Выбрать главу

Большинство аналитиков полагают, что эти клиенты становятся такими вследствие сочетанного влияния темперамента, детского опыта и отношений с воспитателем, поведение которого сильно осложнило прохождение эдиповой фазы с помощью идентификации (объекты любви должны быть достаточно идеализируемыми, чтобы ребенок мог обратиться к «обычному» эдипальному способу разрешения). Таким образом, люди с пограничной личностной организацией колеблются между ощущением, что ни один из их поступков не может быть неправильным, и чувством, что всех их поступки неправильные. У них нет целостного понимания, что, пока они соответствуют здравым моральным устоям, они остаются достаточно хорошими. Естественно, их самоуважение неустойчиво, и они сильно страдают, нередко прибегая к крайним мерам для восстановления чувства собственной полноценности.

Работа Эриксона (Erikson, 1968) об идентичности оказала большое влияние на способность терапевтов понимать проблемы, предъявляемые пациентами, которых мы рассматриваем сейчас в качестве пограничных. Термин «кризис идентичности» стал настолько привычным в профессиональном жаргоне, что многие забывают, что для 1950-х, когда Эриксон ввел это понятие, это было новой идей. Как я уже говорила в первой главе, проблемы идентичности редко возникают у людей, которые живут в небольших, устойчивых и закрытых обществах, где они и все знакомые им люди точно знают свои роли. Однако в культурах, подобных нашей, — масштабных, наполненных противоречивыми сигналами и бросающих постоянные вызовы — проблемы идентичности возникают все чаще и чаще. В таком мире идентичность человека не может зависеть от постоянной роли: недавние прогнозы показывают, что люди, достигшие совершеннолетия к 2000 году, поменяют в среднем шесть работ! Вместо этого человеку нужно чувствовать неразрывность собственных ценностей и ощущать устойчивость и надежность внутри себя. По мере того как на протяжении двадцатого столетия жизнь становилась все более сложной и опасной, психоаналитическая теория все больше сосредотачивалась на том, как люди поддерживают чувство собственной ценности и постоянства.
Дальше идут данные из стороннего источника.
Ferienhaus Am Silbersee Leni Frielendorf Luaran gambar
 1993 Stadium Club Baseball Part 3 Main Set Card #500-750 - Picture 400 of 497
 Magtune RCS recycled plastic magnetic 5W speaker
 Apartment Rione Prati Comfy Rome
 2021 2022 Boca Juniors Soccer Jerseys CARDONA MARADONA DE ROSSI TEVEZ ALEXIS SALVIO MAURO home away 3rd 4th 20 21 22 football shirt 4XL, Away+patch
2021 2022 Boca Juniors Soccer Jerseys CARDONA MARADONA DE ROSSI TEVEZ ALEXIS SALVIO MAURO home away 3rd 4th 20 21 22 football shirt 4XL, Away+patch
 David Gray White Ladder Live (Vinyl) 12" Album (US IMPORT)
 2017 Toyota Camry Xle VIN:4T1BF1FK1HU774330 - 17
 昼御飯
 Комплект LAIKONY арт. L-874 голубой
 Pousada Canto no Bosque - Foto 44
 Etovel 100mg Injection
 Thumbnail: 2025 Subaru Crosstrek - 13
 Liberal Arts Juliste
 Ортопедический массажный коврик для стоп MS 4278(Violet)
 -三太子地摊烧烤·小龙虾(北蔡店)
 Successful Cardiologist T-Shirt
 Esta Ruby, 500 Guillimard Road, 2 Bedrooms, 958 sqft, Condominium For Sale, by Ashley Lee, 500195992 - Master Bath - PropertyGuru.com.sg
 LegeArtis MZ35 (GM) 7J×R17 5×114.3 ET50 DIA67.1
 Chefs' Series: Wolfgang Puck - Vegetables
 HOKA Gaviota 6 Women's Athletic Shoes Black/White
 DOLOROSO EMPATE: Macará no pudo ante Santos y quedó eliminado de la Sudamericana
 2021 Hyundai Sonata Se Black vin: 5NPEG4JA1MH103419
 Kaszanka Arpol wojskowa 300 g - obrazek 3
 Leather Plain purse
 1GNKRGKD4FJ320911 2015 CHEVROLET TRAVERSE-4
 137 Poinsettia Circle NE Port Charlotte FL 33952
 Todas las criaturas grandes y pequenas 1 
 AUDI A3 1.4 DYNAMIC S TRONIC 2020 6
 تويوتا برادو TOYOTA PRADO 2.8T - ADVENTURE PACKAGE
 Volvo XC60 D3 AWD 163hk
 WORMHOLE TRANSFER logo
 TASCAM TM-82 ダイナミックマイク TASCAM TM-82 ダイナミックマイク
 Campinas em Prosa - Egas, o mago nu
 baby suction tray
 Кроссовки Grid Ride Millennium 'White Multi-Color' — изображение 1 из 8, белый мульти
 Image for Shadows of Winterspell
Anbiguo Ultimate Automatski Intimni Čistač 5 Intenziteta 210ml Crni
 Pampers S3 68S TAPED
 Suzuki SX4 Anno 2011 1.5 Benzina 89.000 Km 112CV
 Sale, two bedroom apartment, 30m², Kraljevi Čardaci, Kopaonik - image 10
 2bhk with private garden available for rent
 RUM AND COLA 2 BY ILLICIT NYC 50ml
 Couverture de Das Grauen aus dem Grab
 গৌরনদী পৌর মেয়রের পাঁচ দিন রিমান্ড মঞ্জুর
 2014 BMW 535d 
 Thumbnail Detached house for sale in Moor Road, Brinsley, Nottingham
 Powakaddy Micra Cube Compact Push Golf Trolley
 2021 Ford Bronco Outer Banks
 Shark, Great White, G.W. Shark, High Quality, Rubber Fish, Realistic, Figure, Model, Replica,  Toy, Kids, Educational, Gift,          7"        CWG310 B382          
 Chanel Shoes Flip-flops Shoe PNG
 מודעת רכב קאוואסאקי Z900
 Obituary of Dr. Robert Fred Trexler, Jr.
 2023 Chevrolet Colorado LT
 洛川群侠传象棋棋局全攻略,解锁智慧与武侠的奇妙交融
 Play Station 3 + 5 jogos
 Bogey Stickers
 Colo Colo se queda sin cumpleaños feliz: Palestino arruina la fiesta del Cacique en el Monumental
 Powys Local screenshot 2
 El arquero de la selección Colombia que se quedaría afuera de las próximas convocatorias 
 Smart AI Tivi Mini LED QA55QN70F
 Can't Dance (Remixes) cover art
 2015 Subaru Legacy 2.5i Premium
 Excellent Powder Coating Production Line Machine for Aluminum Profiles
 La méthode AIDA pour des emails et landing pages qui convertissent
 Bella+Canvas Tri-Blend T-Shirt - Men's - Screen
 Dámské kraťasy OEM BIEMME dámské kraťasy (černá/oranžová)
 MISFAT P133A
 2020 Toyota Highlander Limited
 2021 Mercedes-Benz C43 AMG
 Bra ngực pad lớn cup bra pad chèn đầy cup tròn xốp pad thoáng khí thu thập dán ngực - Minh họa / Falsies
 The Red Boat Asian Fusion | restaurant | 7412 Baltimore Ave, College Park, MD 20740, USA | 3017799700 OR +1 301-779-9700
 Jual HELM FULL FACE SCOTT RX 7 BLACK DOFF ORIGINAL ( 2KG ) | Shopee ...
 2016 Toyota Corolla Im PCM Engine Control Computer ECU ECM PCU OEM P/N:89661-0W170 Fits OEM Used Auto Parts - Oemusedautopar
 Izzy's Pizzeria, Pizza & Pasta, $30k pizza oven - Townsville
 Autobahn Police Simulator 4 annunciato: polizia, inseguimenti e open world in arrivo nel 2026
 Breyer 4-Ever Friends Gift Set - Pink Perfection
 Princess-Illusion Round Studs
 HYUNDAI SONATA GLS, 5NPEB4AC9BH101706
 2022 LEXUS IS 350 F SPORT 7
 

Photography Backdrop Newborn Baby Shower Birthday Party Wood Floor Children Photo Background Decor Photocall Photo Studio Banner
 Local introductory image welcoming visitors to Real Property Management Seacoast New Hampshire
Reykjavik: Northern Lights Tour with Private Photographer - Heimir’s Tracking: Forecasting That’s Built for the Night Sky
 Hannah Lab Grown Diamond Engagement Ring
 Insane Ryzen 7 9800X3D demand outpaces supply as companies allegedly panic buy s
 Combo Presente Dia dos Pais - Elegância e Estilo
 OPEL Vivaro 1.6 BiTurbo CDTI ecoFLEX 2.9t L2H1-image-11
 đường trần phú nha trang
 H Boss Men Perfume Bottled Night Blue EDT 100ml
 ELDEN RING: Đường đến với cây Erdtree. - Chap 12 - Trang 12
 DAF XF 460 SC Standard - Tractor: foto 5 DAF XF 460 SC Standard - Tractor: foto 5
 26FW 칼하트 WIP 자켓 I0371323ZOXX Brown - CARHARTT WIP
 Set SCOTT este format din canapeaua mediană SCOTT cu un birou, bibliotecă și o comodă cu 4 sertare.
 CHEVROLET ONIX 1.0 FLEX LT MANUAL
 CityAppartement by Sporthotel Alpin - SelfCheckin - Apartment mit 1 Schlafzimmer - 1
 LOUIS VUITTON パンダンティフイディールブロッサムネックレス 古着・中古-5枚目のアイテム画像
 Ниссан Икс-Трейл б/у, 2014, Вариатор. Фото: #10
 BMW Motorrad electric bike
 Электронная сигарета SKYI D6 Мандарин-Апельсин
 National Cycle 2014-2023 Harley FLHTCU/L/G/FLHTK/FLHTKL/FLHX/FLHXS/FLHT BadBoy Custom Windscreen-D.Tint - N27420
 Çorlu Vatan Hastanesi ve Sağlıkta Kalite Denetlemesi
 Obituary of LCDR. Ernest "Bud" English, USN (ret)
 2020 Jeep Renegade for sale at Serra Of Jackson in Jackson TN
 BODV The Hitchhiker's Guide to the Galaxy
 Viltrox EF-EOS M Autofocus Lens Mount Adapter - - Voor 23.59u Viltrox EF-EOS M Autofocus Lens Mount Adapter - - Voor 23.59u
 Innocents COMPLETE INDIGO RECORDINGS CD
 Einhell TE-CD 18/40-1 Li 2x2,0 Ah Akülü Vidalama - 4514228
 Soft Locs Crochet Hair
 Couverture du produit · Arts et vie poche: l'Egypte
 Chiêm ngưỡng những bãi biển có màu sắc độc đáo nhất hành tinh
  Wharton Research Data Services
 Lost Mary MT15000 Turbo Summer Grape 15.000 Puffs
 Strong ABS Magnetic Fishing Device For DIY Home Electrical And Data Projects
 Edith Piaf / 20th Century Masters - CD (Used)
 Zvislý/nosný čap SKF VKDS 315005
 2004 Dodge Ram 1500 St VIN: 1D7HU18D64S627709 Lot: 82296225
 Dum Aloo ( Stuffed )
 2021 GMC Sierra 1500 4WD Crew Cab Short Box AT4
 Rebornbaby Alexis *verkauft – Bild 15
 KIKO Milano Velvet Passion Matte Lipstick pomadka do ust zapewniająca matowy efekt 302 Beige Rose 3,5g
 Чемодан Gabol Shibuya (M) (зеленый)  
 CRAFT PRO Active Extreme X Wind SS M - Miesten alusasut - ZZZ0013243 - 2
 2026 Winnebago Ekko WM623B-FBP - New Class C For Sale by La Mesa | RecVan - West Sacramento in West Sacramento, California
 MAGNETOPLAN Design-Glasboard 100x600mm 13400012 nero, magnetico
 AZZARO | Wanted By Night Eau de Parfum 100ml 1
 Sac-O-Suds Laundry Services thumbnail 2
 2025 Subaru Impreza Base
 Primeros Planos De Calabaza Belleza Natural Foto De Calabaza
Гуманистическая и экзистенциальная психотерапия, психология самости и интерсубъективисты

Несмотря на все клинические наблюдения и теории, в традиционных аналитических работах середины XX столетия есть определенные пробелы в понимании чувства самости, одобрения или осуждения себя (см. Menaker, 1995). Эту пустоту заполнили такие психологи «третьей силы» как Карл Роджерс, Абрахам Маслоу и Гордон Олпорт, а также такие экзистенциальные аналитики, как Виктор Франкл и Ролло Мэй. Основную привлекательность роджерсианской психотерапии и гуманистической терапии в целом можно объяснить тонкой сонастроенностью Роджерса с самоуважением клиентов и пониманием, насколько хрупким является чувство собственной ценности у людей, приходящих на терапию. Между строк (например, Rogers, 1951) можно увидеть негодование Роджерса по поводу неповоротливости интерпретативного подхода многих аналитиков-психиатров его времени, которые не принимали в расчет то, как их интерпретации могут ранить уязвимых клиентов, даже (вероятно, в особенности) когда у аналитика было правильное понимание динамики анализанда. Всеобъемлющее внимание к самоуважению, повлиявшее на несколько поколений терапевтов разной теоретической ориентации, могло заложить основу для признания Кохута и других аналитиков, которые начали делать похожие наблюдения на языке психоанализа.

Экзистенциально-ориентированные психоаналитики, на которых оказали большое влияние такие катаклизмы, как Вторая мировая война и Холокост, в середине XX века обращали внимание на чувство самости и проблемы самоуважения. Как отмечал Виктор Франкл (Viktor Frankl, 1969), личностные особенности, помогавшие человеку хорошо адаптироваться в довоенном мире, порой отличались от тех, которые давали возможность преодолеть ужас пребывания в концентрационных лагерях. Как и неоднозначный Бруно Беттельгейм, у которого также был опыт пребывания в концлагере во время войны, он говорил об огромных различиях в адаптации к экстремальным ситуациям, отмечая при этом, что способность поддерживать самоуважение гораздо больше связана с физическим выживанием, чем с управлением собственной сексуальностью и агрессией.